Objective determination of 3D cloud locations using scanning millimeter-wavelength radars

 
Poster PDF

Authors

Eugene E. Clothiaux — Pennsylvania State University
Karen Lee Johnson — Brookhaven National Laboratory
Pavlos Kollias — Stony Brook University
Scott Giangrande — Brookhaven National Laboratory
Aleksandra Tatarevic — McGill University

Kevin Bowley — McGill University

Category

Cloud Properties

Description

Example of gridded 3D cloud locations from the SWACR deployment at the Azores.
The scanning ARM cloud radars (SACRs) are the primary instruments for the detection of cloud properties (boundaries, water content, particle size and habit, dynamics, etc.) beyond the soda-straw view. The first step before high-value-added products (VAP) can be developed using the multi-parametric radar measurements is the objective determination of 3D cloud locations (3D-ARSCL: Active Remote Sensing of 3D Clouds). The importance to the ARM data user community of determining cloud locations at the ARM sites is evident by the success of the 2D ARSCL VAP pioneered by Clothiaux et al. The development of the 2D ARSCL VAP required substantial resources and introduced the use of combined radar-lidar observations for the determination of the hydrometeor layer boundaries. Furthermore, the profiling ARM radars addressed the reduction of radar sensitivity with the square of the distance from the radar through the implementation of multiple operating modes that offer superior sensitivity at different parts of the atmospheric column. Thus, in the current ARSCL VAP, the height of the clouds above the ground is not a factor of concern. The transition from the profiling view to 3D contains several challenges that will be analyzed here.
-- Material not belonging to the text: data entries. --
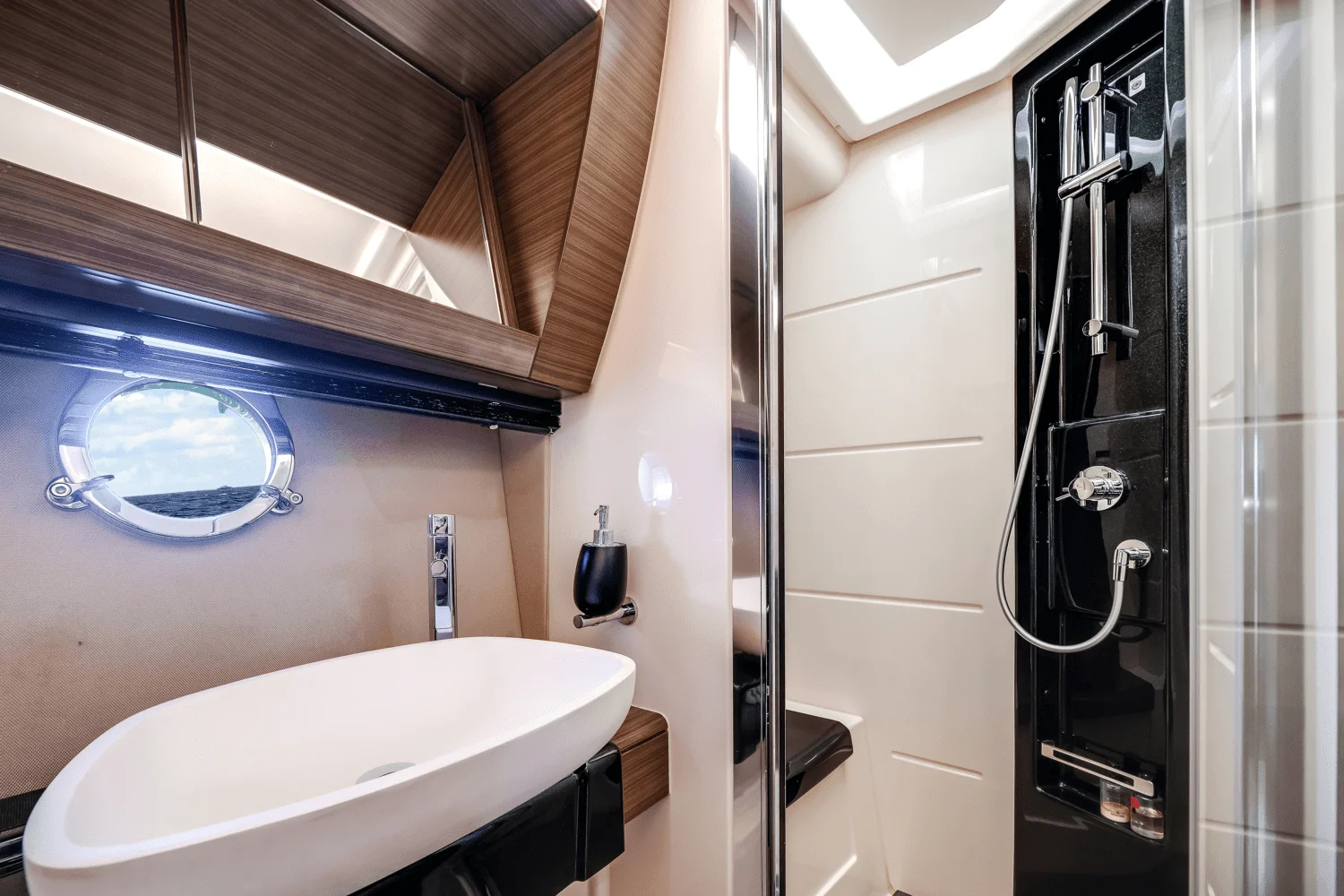 2017 Azimut 55S Image Thumbnail #32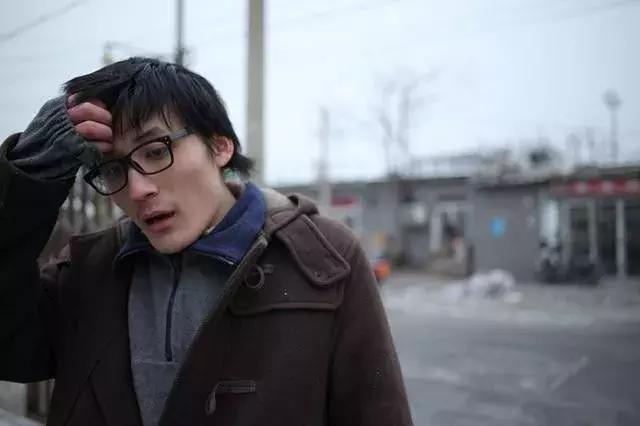 海子决定去死的那一年,王小波37岁,贾宏声22岁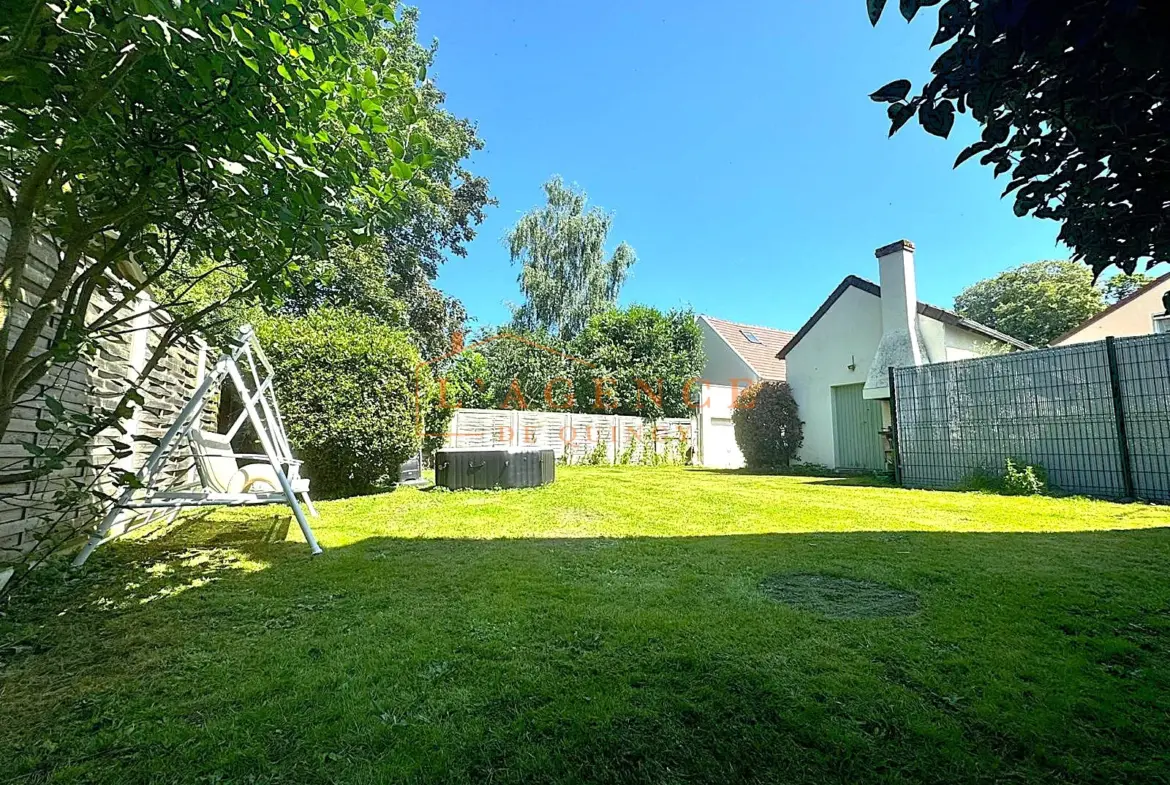 Maison Charmante et Rénovée à Longperrier 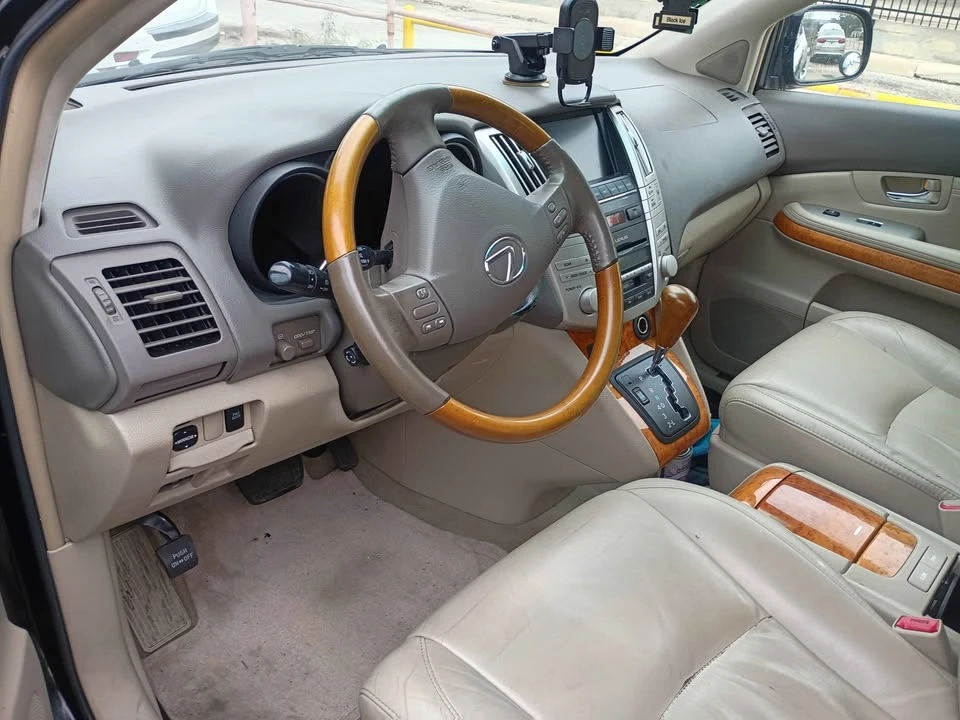 2008 Lexus RX 2nd Gen - Image 3 of 8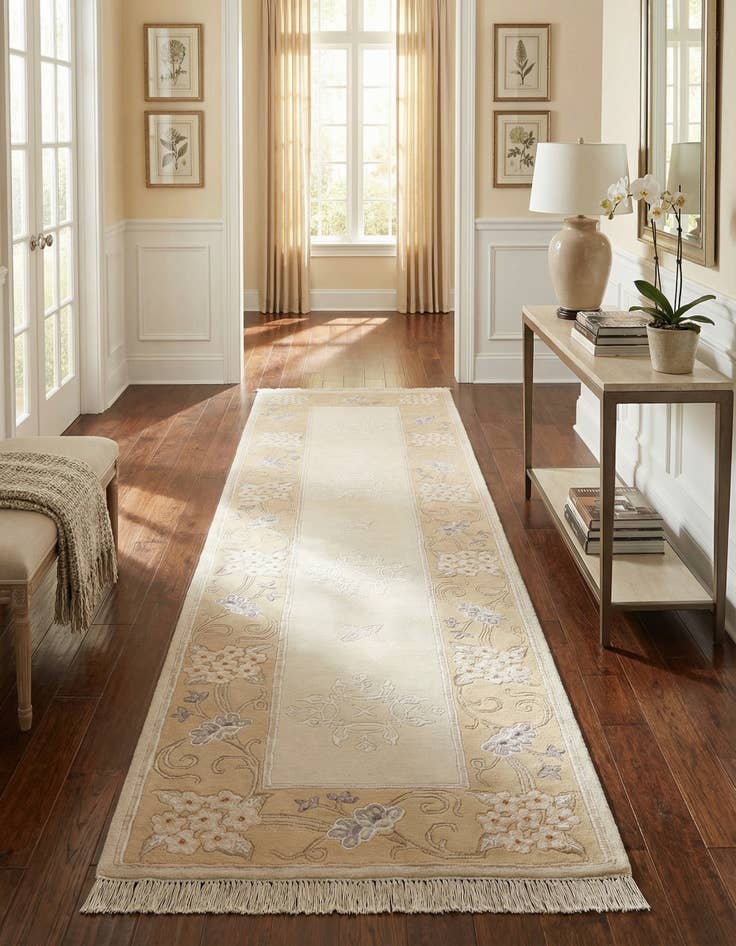 Detail image of 2' 9 x 9' 9  Hand Knotted Darya Wool Runner Rug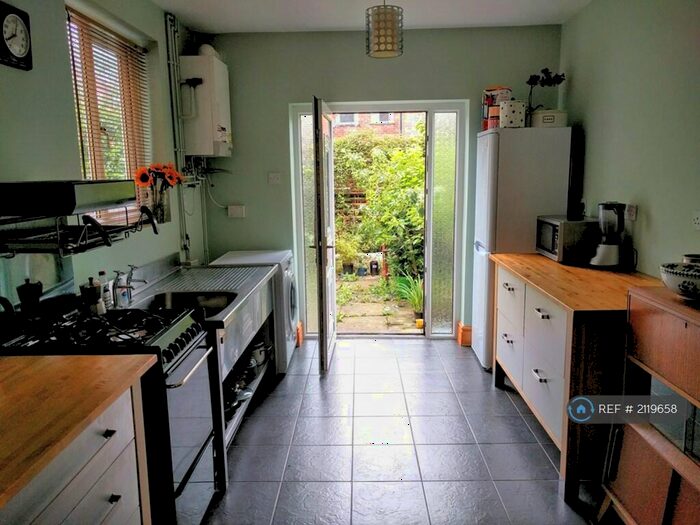 3 Bedroom Terraced House To Rent In Cranbourne Road, Old Trafford, Manchester, M16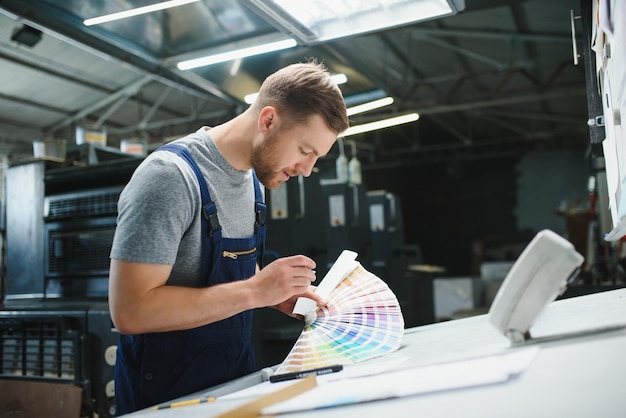 Travailleur en usine sur la machine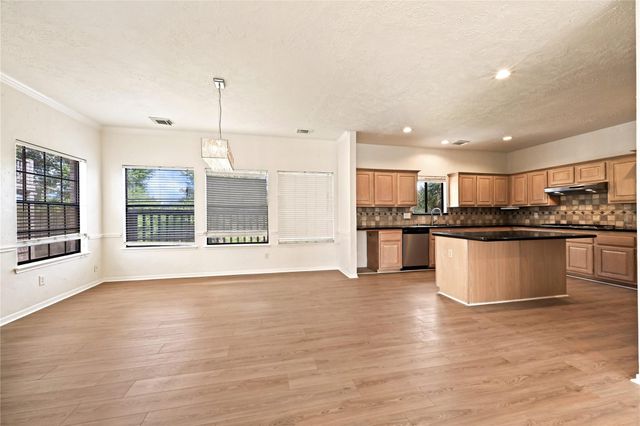 2607 Sailboat Drive, Houston, TX 77058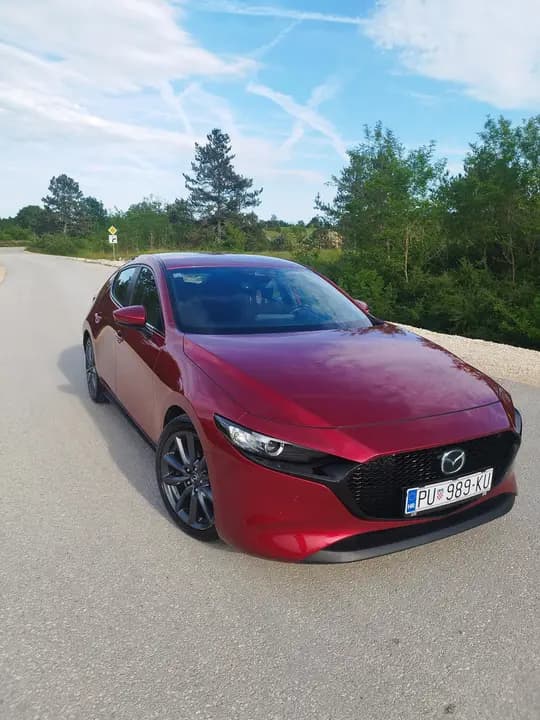 Mazda 3 G122 Plus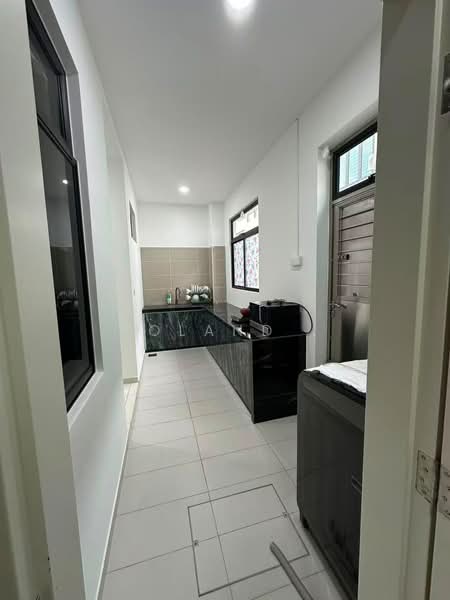 Rumah Teres untuk Disewa di Taman Desa Tebrau (Tebrau) - Yoland . - Kitchen - PropertyGuru.com.my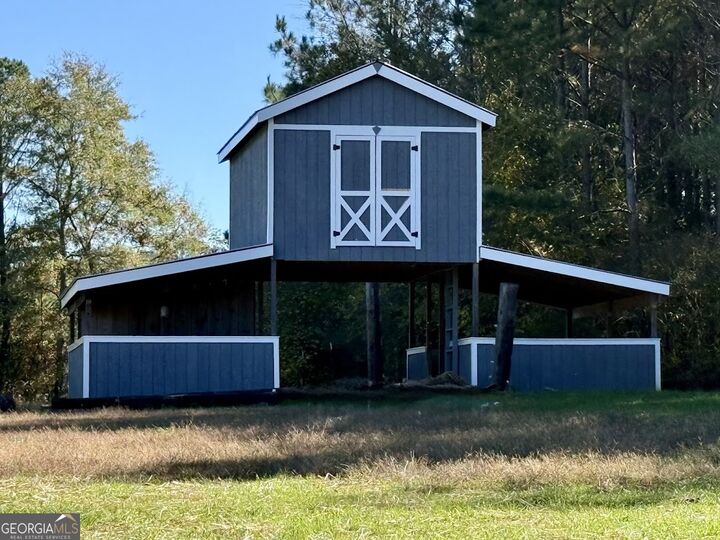 Property Photo:  525 Grogan Road  GA 30113 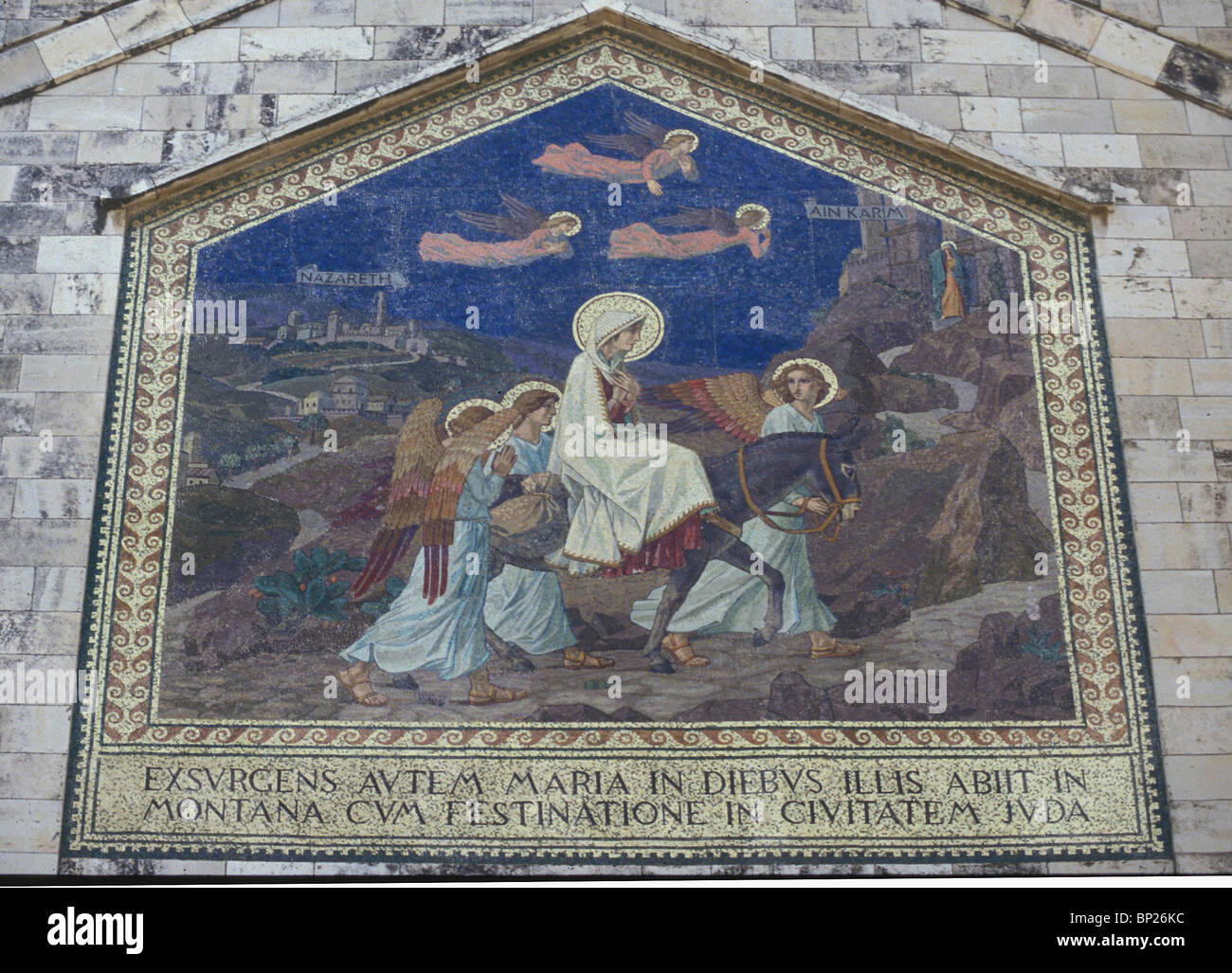 1146. EIN KAREM - mosaico che ornano la facciata della chiesa della Visitazione, che raffigura la scena DELLA VISITA DI MARIA A ELISHEBA Foto Stock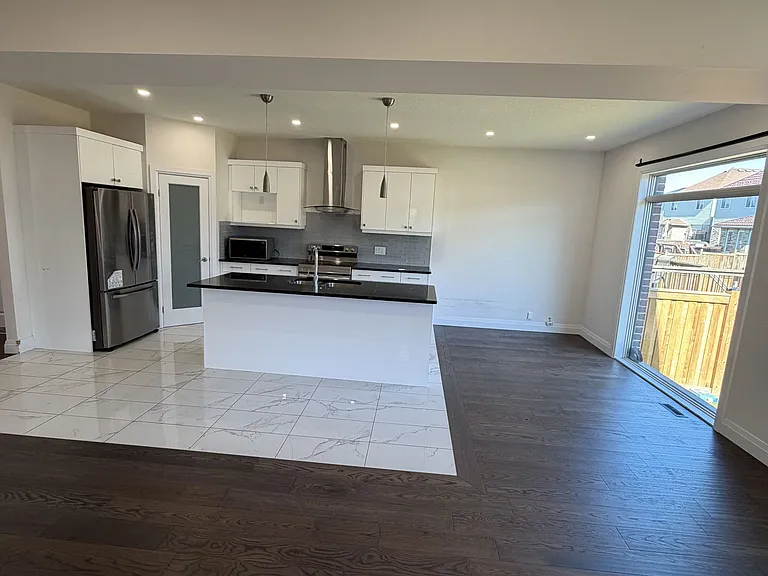 2910 Biddulph St #UPPER — Photo 8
First, in 3D, the radar-lidar instrument synergy is not available and the determination of the cloud locations will be based on radar only. Second, due to fast scanning, the ability to operate modes with different sensitivity is limited, and we will have to address the reduction in sensitivity with range. Third, gridding of the quality-controlled radar data from spherical coordinates to a Cartesian grid is required. The coordinate system transformation is expected to ease the use of the scanning millimeter-wavelength radar data by the ARM user community. However, gridding cloud radar data is challenging especially if we consider the sparseness of radar observations with distance from the radar and the scales of clouds relevant to ASR scientific objectives. The aforementioned issues are discussed and potential solutions are presented in order to develop an objective methodology for the determination of 3D cloud locations.